This change does not fix SNMP Gauge32 overflow bug: Caches with 2^32 or
more objects continue to report wrong/smaller cacheNumObjCount values.

On MemStore::getStats() and StoreInfoStats changes

To include the number of memory-cached objects while supporting SMP
configurations with shared memory caches, we had to change how cache
manager code aggregates StoreInfoStats::mem data collected from SMP
worker processes. Before these changes, StoreInfoStats::operator +=()
used a mem.shared data member to trigger special aggregation code hack,
but

SNMP-specific code cannot benefit from that StoreInfoStats aggregation
because SNMP code exchanges simple counters rather than StoreInfoStats
objects. StoreInfoStats::operator +=() is never called by SNMP code.
Instead, SNMP uses Snmp::Pdu::aggregate() and friends.
We could not accommodate SNMP by simply adding special aggregation
hacks directly to MemStore::getStats() because that would break
critical "all workers report about the same stats" expectations of the
special hack in StoreInfoStats::operator +=().

To make both SNMP and cache manager use cases work, we removed the hack
from StoreInfoStats::operator +=() and hacked MemStore::getStats()
instead, making the first worker responsible for shared memory cache
stats reporting (unlike SMP rock diskers, there is no single kid process
dedicated to managing a shared memory cache). StoreInfoStats operator
now uses natural aggregation logic without hacks.

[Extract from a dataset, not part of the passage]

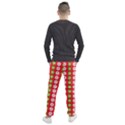 Festive Pattern Christmas Holiday Men s Jogger Sweatpants View2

TODO: After these changes, StoreInfoStats::mem.shared becomes
essentially unused because it was only used to enable special
aggregation hack in StoreInfoStats that no longer exists. Remove?

yadij · 2025-04-11T11:04:42Z

This looks reasonable. Have you tested with multiple workers and rock caches to ensure the number is correct when there are multiple cache processes.

rousskov · 2025-04-11T14:34:42Z

This looks reasonable. Have you tested with multiple workers and rock caches to ensure the number is correct when there are multiple cache processes.

It cannot be correct AFAICT because PR code does not communicate with disker processes that currently manage rock cache_dir stats. See Rock::SwapDir::doReportStat() and commit 39c1e1d for more details. If we keep the current official code architecture, then this PR would have to asynchronously aggregate information across diskers like mgr:info currently does. Doing that well (e.g., without code duplication) may be difficult, but I have not checked any details.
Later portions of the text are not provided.